What to do: While leaving the pictures out, set down only the lines from the one with "Dragon Warrior VII" through the end of the records, exactly as they stand.

Web page caption snippets
■ ■ ■ ■

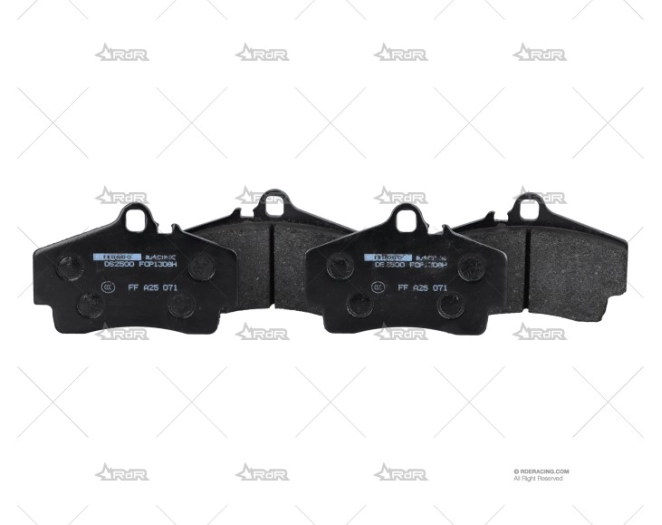 FERODO DS2500 DEL./AR PORSCHE BOXSTER FERODO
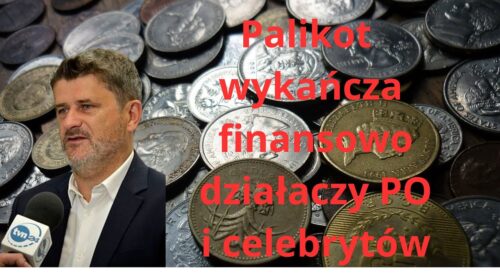 Brawo! Palikot wykończył finansowo połowę PO, lewicy i celebrytów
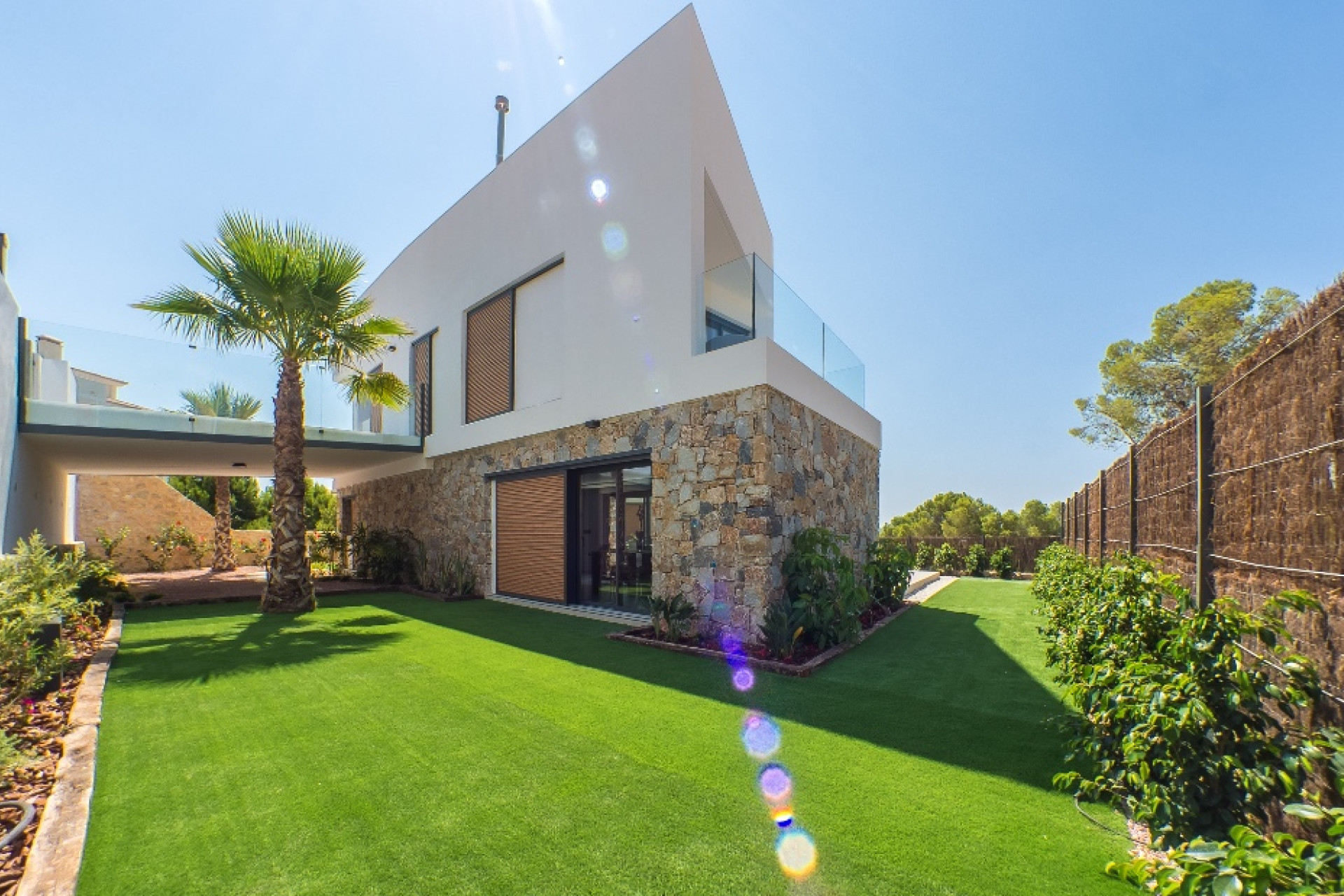 Obra nueva - 3. Casa pareada - Finestrat - Costa Blanca Norte 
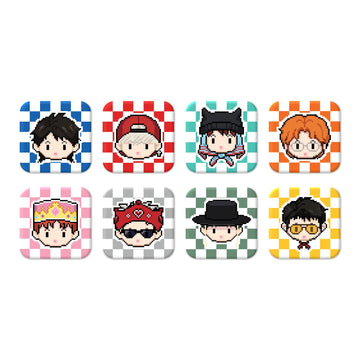 G-DRAGON x FAM RANDOM PIN BADGE 隨機襟章｜G: A BOY'S JOURNEY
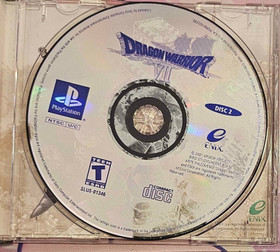 Dragon Warrior VII (Sony PlayStation 1)[PS1] - Complete/CIB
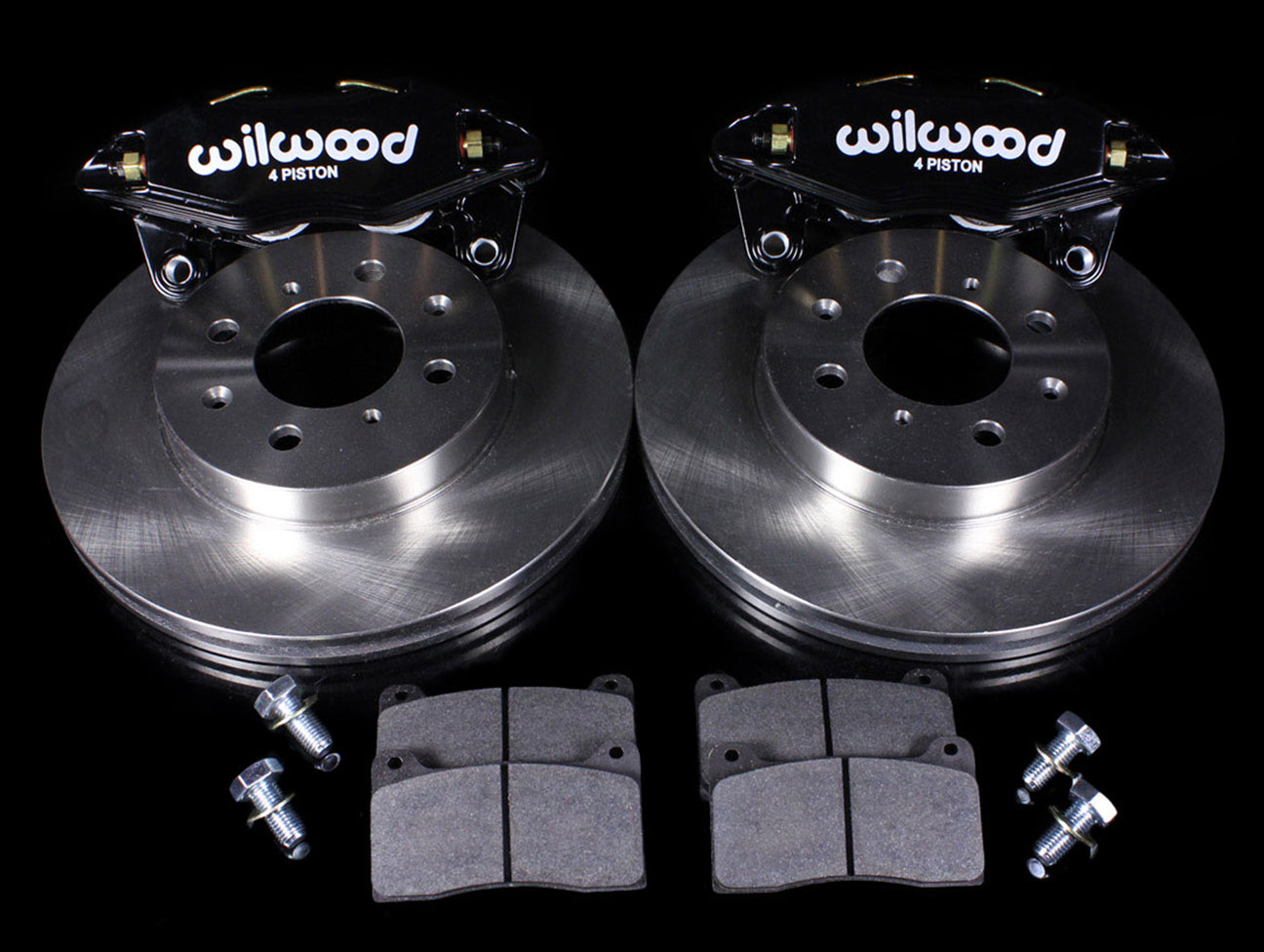 Wilwood DPHA Front Caliper & Rotor Brake Kit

■ ■ ■ ■

Completed task:
 Dragon Warrior VII (Sony PlayStation 1)[PS1] - Complete/CIB
 Wilwood DPHA Front Caliper & Rotor Brake Kit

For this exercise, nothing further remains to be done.